Start of Supplied records
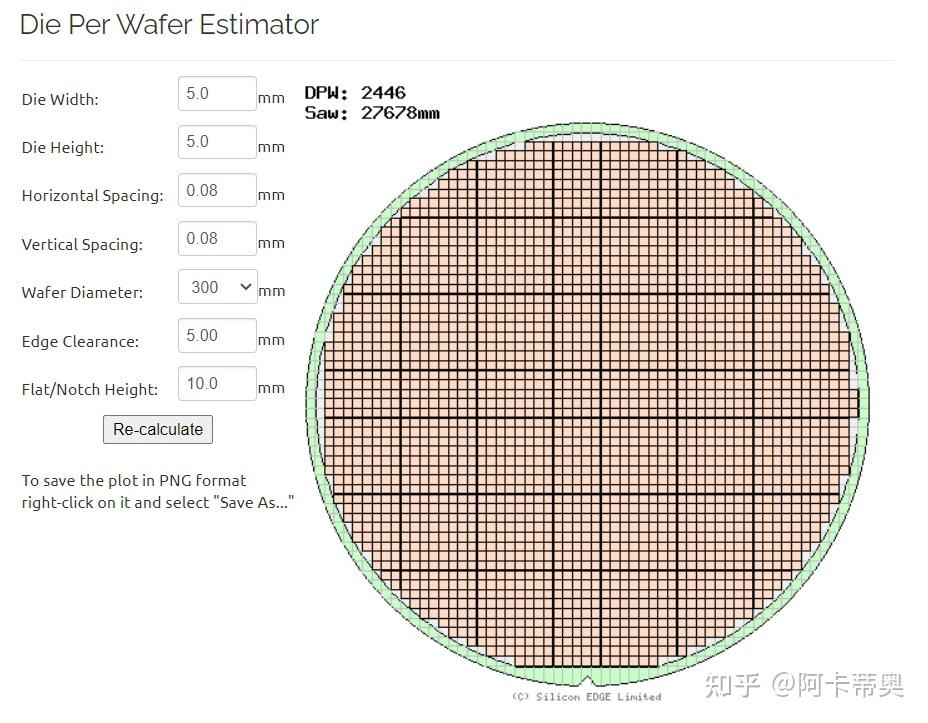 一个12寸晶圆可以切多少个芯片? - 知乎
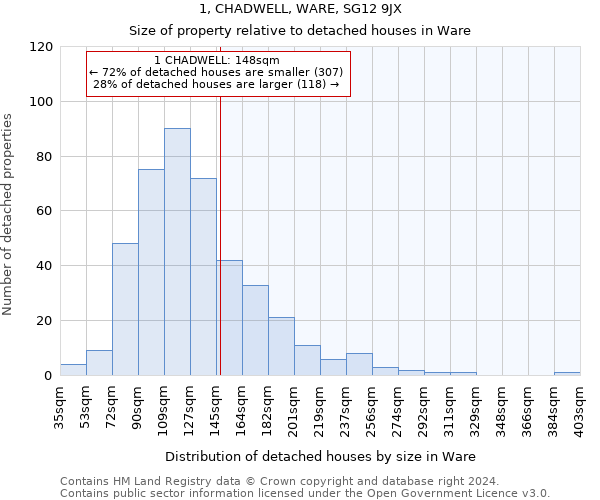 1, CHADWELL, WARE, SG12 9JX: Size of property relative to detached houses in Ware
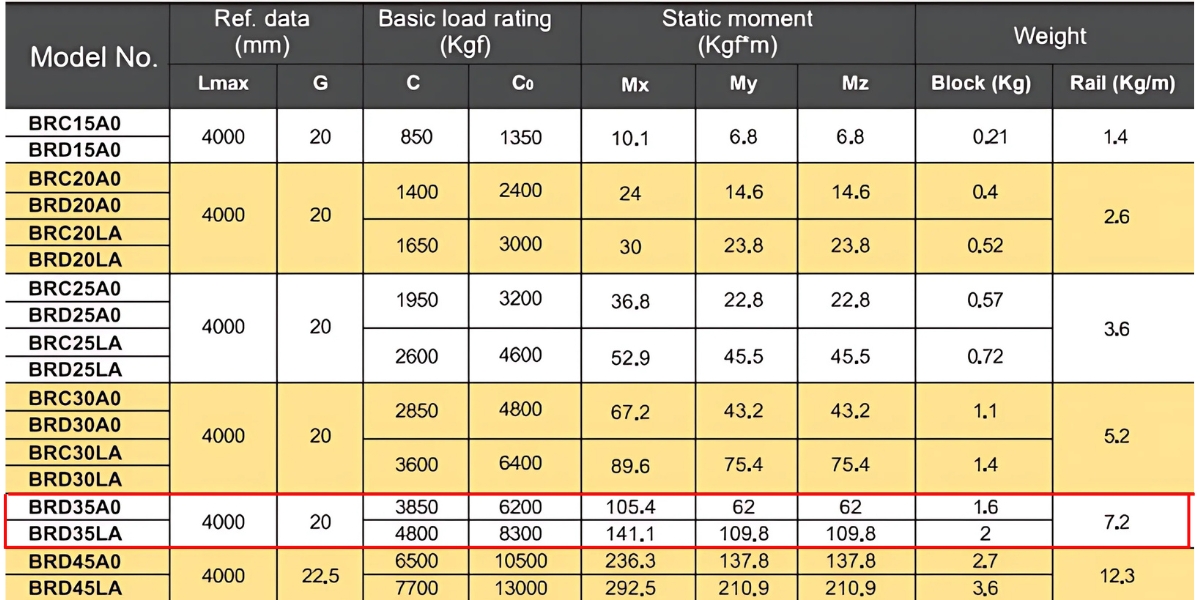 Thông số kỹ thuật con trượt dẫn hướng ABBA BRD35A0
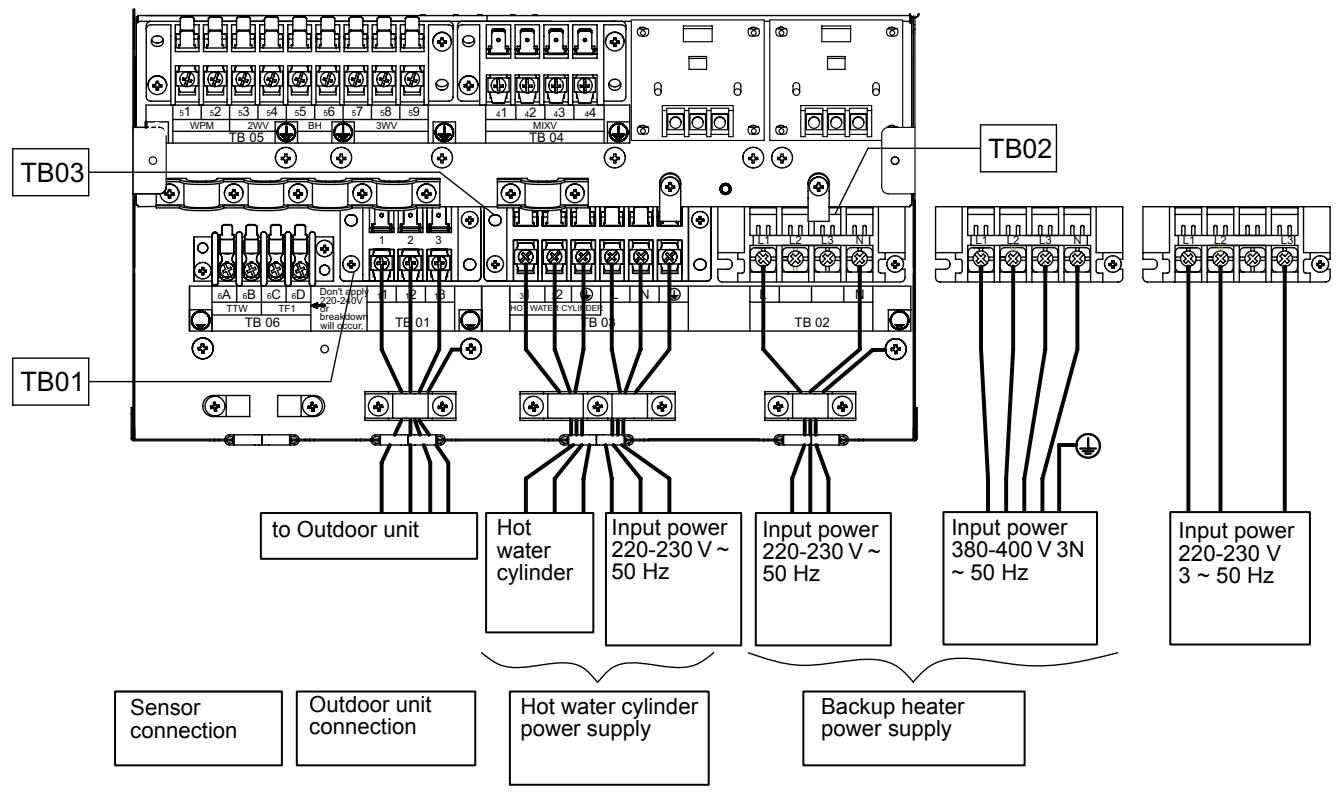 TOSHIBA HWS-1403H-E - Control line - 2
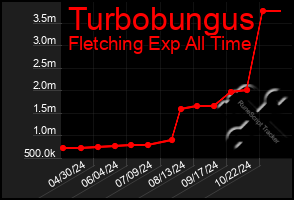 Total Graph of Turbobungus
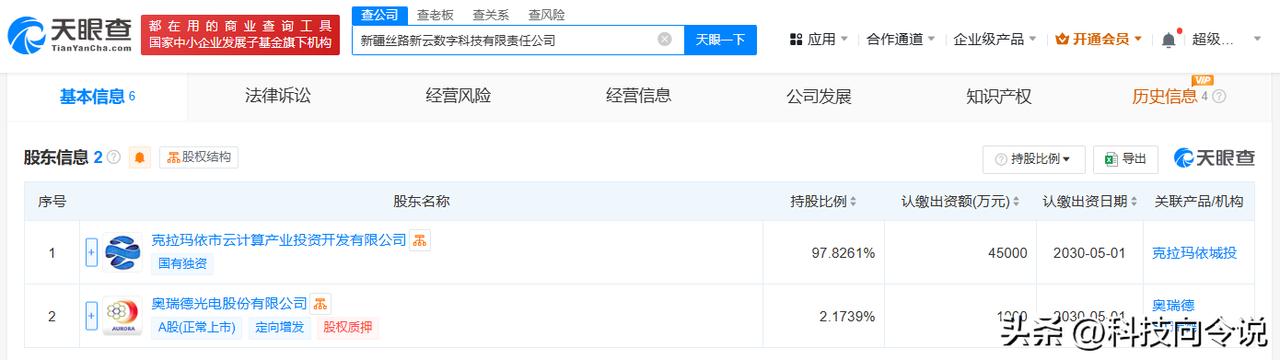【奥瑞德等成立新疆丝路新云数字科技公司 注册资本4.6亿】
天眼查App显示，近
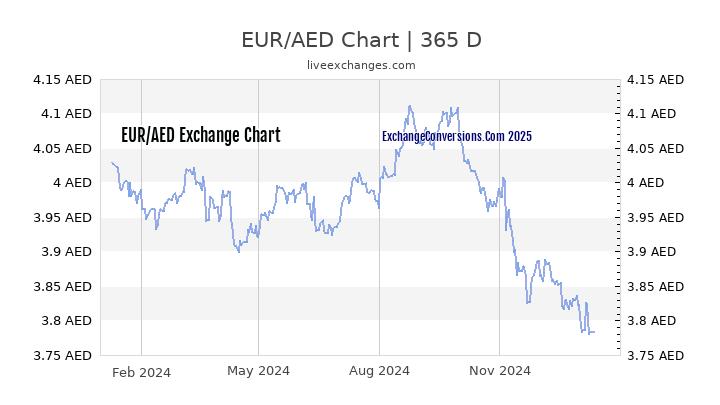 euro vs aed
End of Supplied records
Start of Supplied records
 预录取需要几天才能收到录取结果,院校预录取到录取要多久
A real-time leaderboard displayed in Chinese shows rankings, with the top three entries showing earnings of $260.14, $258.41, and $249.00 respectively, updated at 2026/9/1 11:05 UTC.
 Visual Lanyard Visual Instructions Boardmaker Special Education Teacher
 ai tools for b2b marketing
End of Supplied records
Task details: The answer is the lines of the material above, from the one containing "Thông số kỹ" down to the one containing "euro vs aed", given exactly and without images.

Output of the exercise:
 Thông số kỹ thuật con trượt dẫn hướng ABBA BRD35A0
 TOSHIBA HWS-1403H-E - Control line - 2
 Total Graph of Turbobungus
【奥瑞德等成立新疆丝路新云数字科技公司 注册资本4.6亿】
天眼查App显示，近
 euro vs aed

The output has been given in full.